There are several different ways an FTP server and client software can conduct a file transfer using FTP:
- Anonymous FTP. This is the most basic form of FTP. It provides support for data transfers without encrypting data or using a username and password. It's most commonly used for download of material that is allowed for unrestricted distribution. It works on port
- Password-protected FTP. This is also a basic FTP service, but it requires the use of a username and password, though the service might not be encrypted or secure. It also works on port 21.
- FTP Secure (FTPS). Sometimes referred to as FTP Secure Sockets Layer (FTP-SSL), this approach enables implicit Transport Layer Security (TLS) as soon as an FTP connection is established. FTPS was initially used to help enable a more secure form of FTP data transfer. It typically defaults to using port 990.
- FTP over explicit SSL/TLS (FTPES). This approach enables explicit TLS support by upgrading an FTP connection over port 21 to an encrypted connection. This is a commonly used approach by web and file sharing services to enable secure file transfers.
- Secure FTP (SFTP). This is technically not an FTP protocol, but it functions similarly. Rather, SFTP is a subset of the Secure Shell (SSH) protocol that runs over port 22. SSH is commonly used by systems administrators to remotely and securely access systems and applications, and SFTP provides a mechanism within SSH for secure file transfer.
FTP was initially defined in 1971, predating TCP and IP, and it has been redefined several times since then to accommodate new technologies, including the use of TCP/IP, or Request for Comments 765 and RFC 959, and IPv6, or RFC 2428.
FTP has also undergone several updates to enhance FTP security. These include versions that encrypt via an implicit TLS connection (FTPS) or explicit TLS connection (FTPES) or that work with SFTP.

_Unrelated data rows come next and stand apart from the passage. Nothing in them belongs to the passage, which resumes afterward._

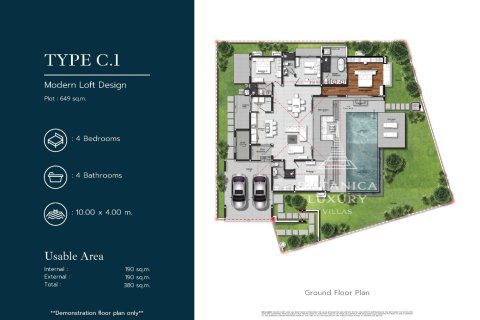 Villa à Hua Hin, Thaïlande 4 chambres № 165583 - photo 21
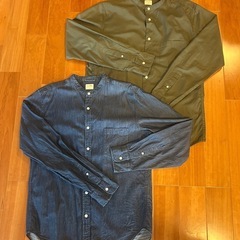 『決定しました』メンズシャツ👔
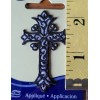 Wright's New Wrights Applique Iron on Patch Cross Sewing Crafting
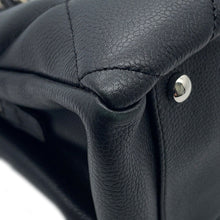 Load image into Gallery viewer, CHANEL Matelasse CC Logo Tote Bag BlackA46885 Caviar Leather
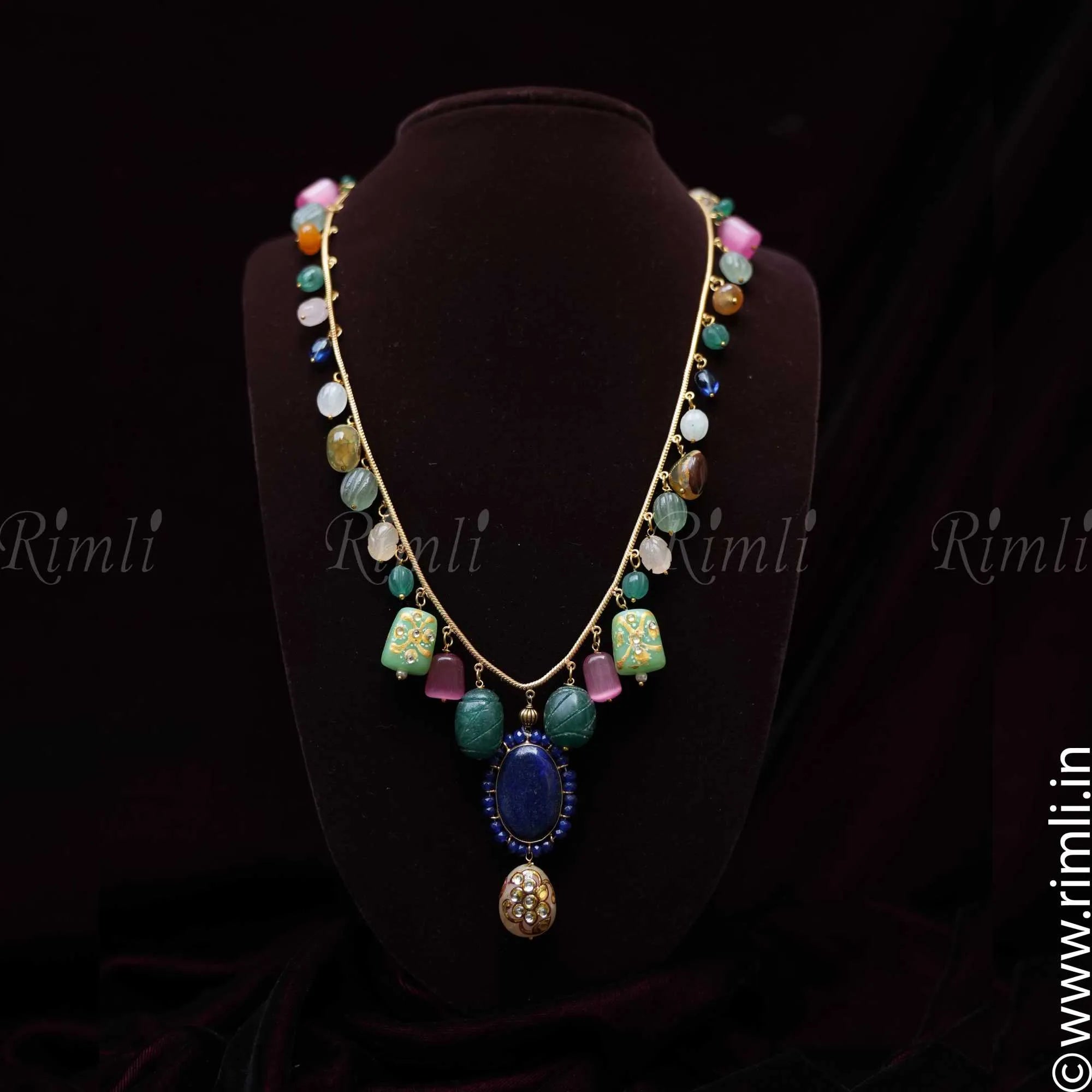 Statement Fusion Necklace - Rimli Boutique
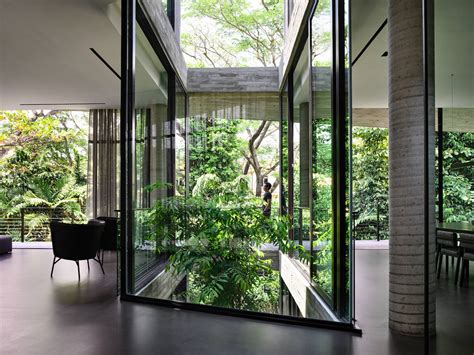 Atrium House Design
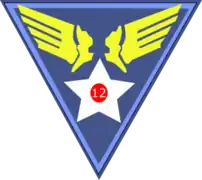 Duodécima Fuerza AéreaÁfrica del NorteMediterráneo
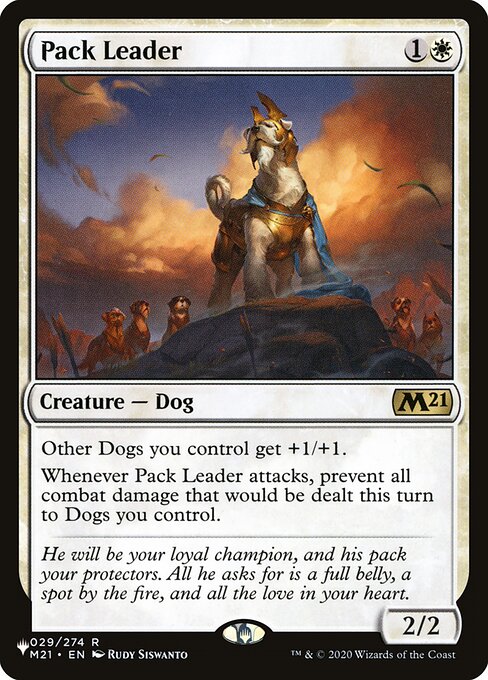 Pack Leader (The List)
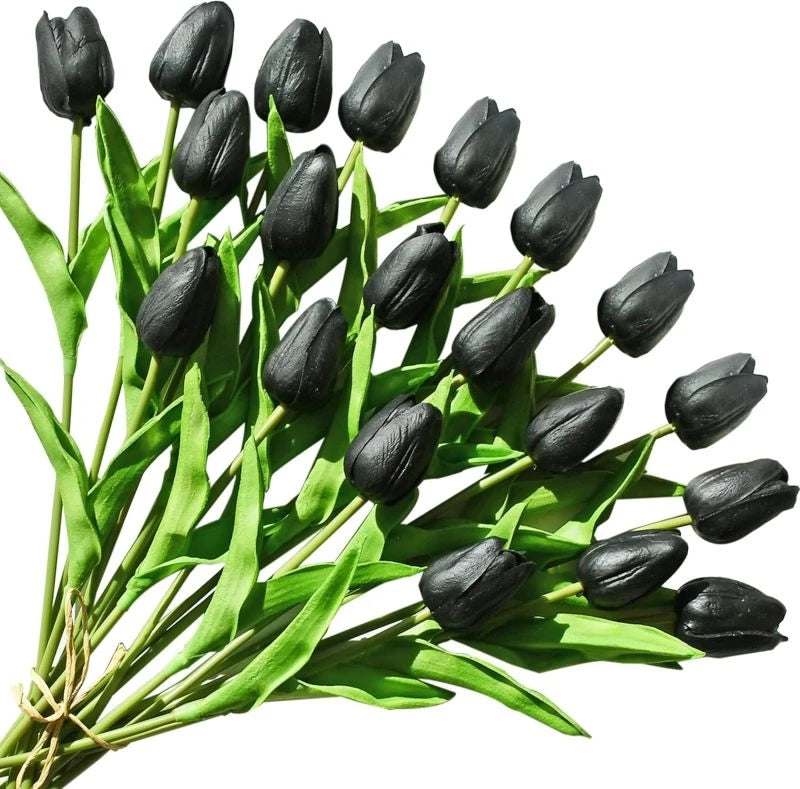 Artificial Tulip Real Touch Flower (10/30 PCS)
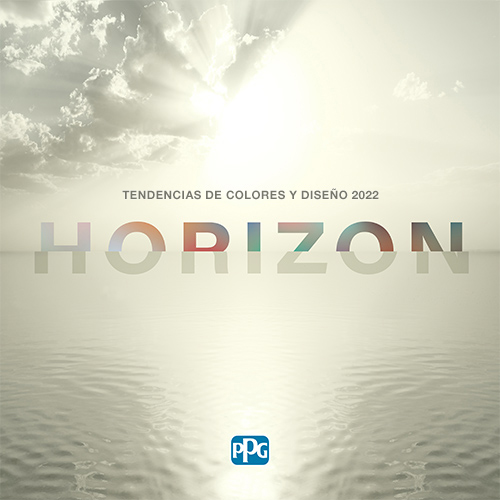 Tendencias de color 2022: Horizon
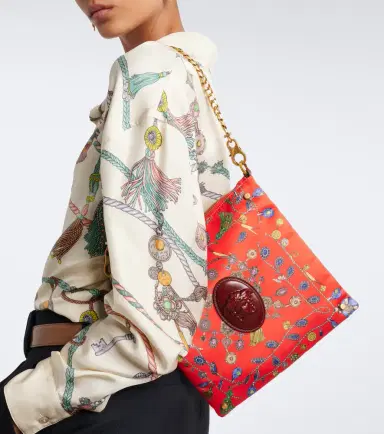 Versace Medusa printed duchess shoulder bag | Thumbnail 6 Versace Medusa printed duchess shoulder bag | Thumbnail 6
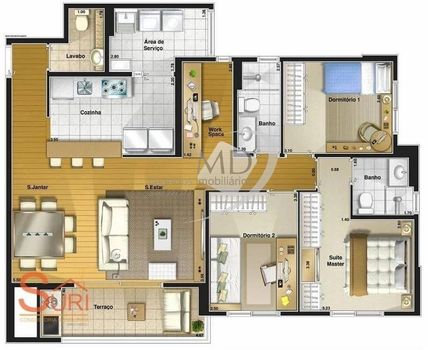 Foto 12 do(a) Apartamento de 3 quartos à venda em Boa Vista, São Caetano do Sul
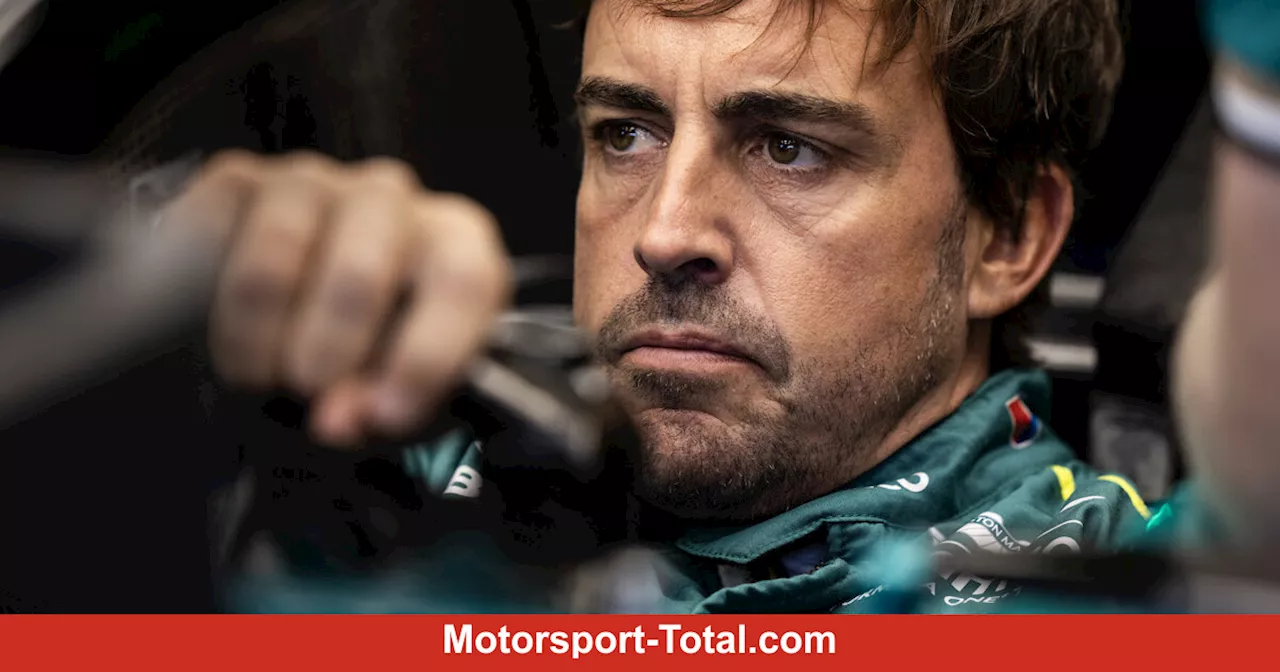 Fernando Alonso: Aston Martin fehlt eine halbe Minute auf Platz 8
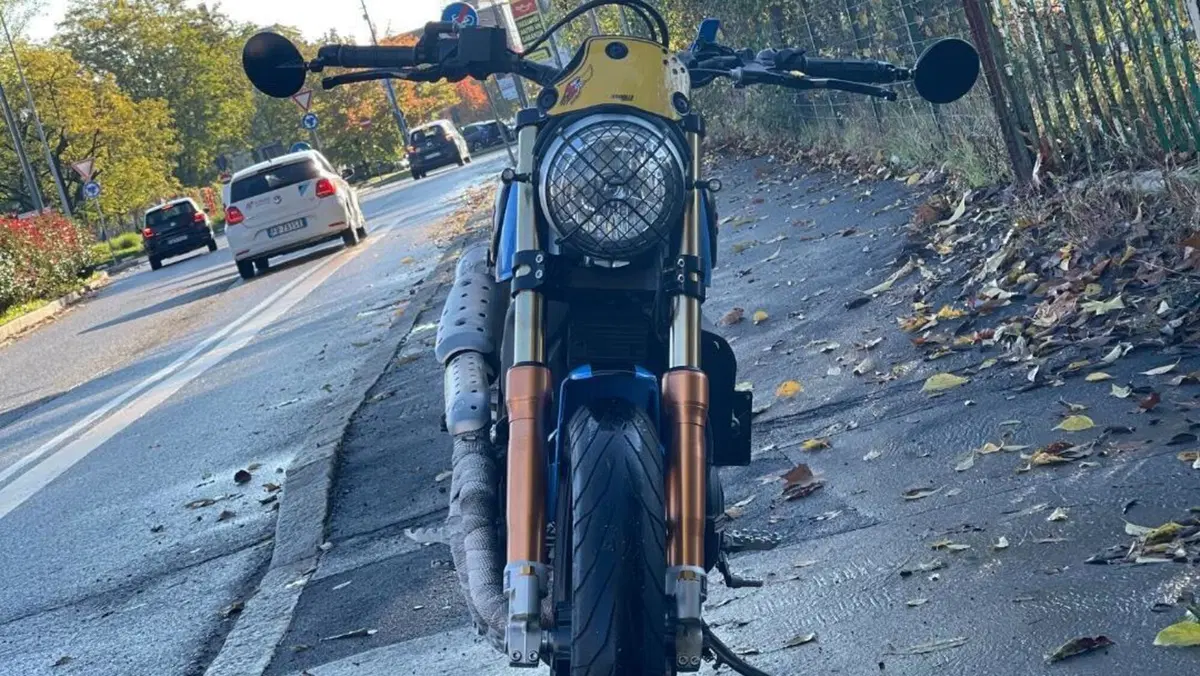 Ducati Scrambler 800 Classic (2015 - 16)  (4)
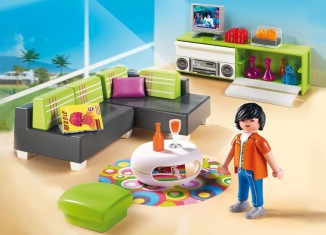 Playmobil - 5584 - Modern Living Room
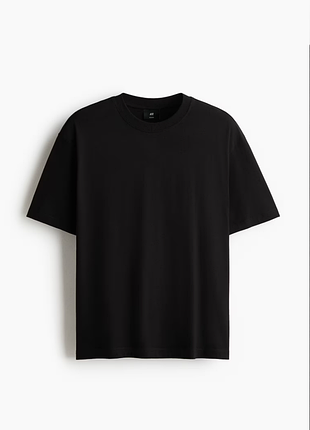 Базовая мужская хлопковая футболка от bershka, размер l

By default, FTP does not encrypt traffic, and individuals can capture packets to read usernames, passwords and other data. By encrypting FTP with FTPS or FTPES, data is protected, limiting the ability of an attacker to eavesdrop on a connection and steal data.
FTP may still be vulnerable to brute-force attacks against user/password authentication spoofing, an FTP bounce attack or a distributed denial-of-service attack.
History of FTP
The first specification for FTP was published as RFC 114 on April 16, 1971, and was written by Abhay Bhushan, then a student at the Massachusetts Institute of Technology. The original idea behind FTP was to enable the transfer of files over ARPANET, the precursor to the internet.
As the modern internet began to take shape, the FTP specification underwent several revisions to align with networking standards, including TCP/IP. In 1980, a new version of FTP was defined in RFC 765 by Jon Postel, a research scientist at the Information Sciences Institute at the University of Southern California at the time. Five years later, FTP was redefined yet again with RFC 959, which introduced new management capabilities for the protocol, including the ability to make and remove a file directory. Prior iterations of FTP were largely limited to transferring files to and from existing file directory structures.
In 1997, RFC 959 was updated with new capabilities defined in RFC 2228 to provide security capabilities. Two years later, FTP was updated with RFC 2428 to support the IPv6 protocol.
FTP clients are used to upload, download and manage files on a server. FTP clients include the following:
- FileZilla. This is a free FTP client for Windows, macOS and Linux that supports FTP, FTPS and SFTP.
- Transmit. This is an FTP client for macOS that supports FTP and SSH.
- WinSCP. This is a Windows FTP client that supports FTP, SSH and SFTP.
- WS_FTP. This is another Windows FTP client that supports SSH.